Oldham doesn't know if that particular release will ever see the light of day, but he's about to bring some darkness to your day with the heartbreaking "Master and Everyone", a skeletal recording that captures the feeling of being alone in the world with no one but yourself to blame. It wasn't his intention, Oldham says, to make such a skeletal record. "I'd scheduled a bunch of musicians to come in from different parts of the world and started working on the record that way," he says. "And it just wasn't coming together. So we stripped it down to just myself and my brother [Ned] and a drummer, and then fired the drummer and finished the record like that, and then just had people come in and do some overdubs. So it just sort of developed over the course of recording."

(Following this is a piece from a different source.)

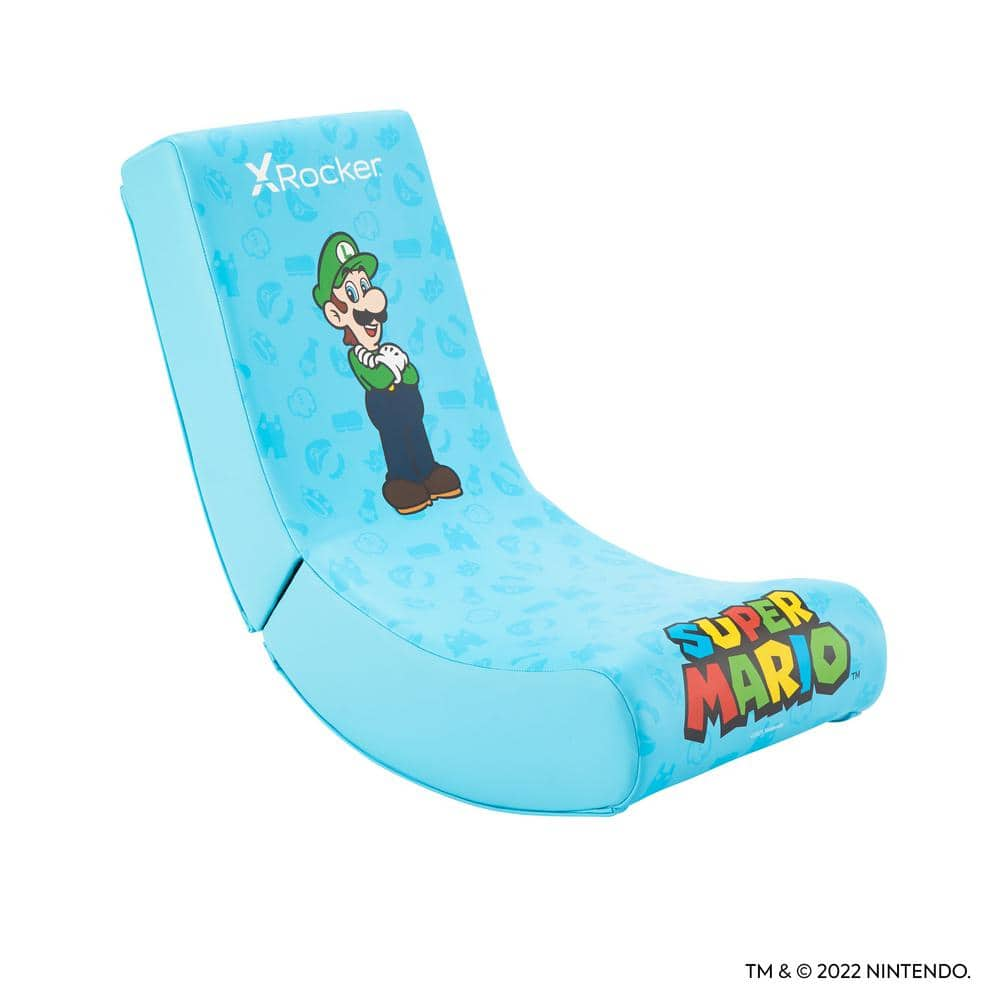 Super Mario Pose Luigi Faux Leather Ergonomic Floor Rocking Folding Chair in Blue -  X Rocker, 5000601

The sparse production only makes the music that much sadder, leading a number of early reviews to label the record darker than 2001's "Ease Down the Road" while Oldham says the opposite is true. "If you just saw the lyrics on a page," he says, "this record would seem a lot lighter than the last one. And the reason would probably be that the last record is the sound of 11 people who are mutually respectful of each other's musical abilities as well as of each other's friendship coming together and making a record. And this one is the sound of two people out of desperation playing the songs by themselves."

Which the songs may, in fact, have demanded. "I figured that's probably why it happened," he says. "But it was never thought about like that. It was just like '[Expletive], this doesn't work. Let's just do it like this cause we can't mess it up with just two people.' " Oldham was planning on touring alone, but he's out on the road with a rotating cast of musicians.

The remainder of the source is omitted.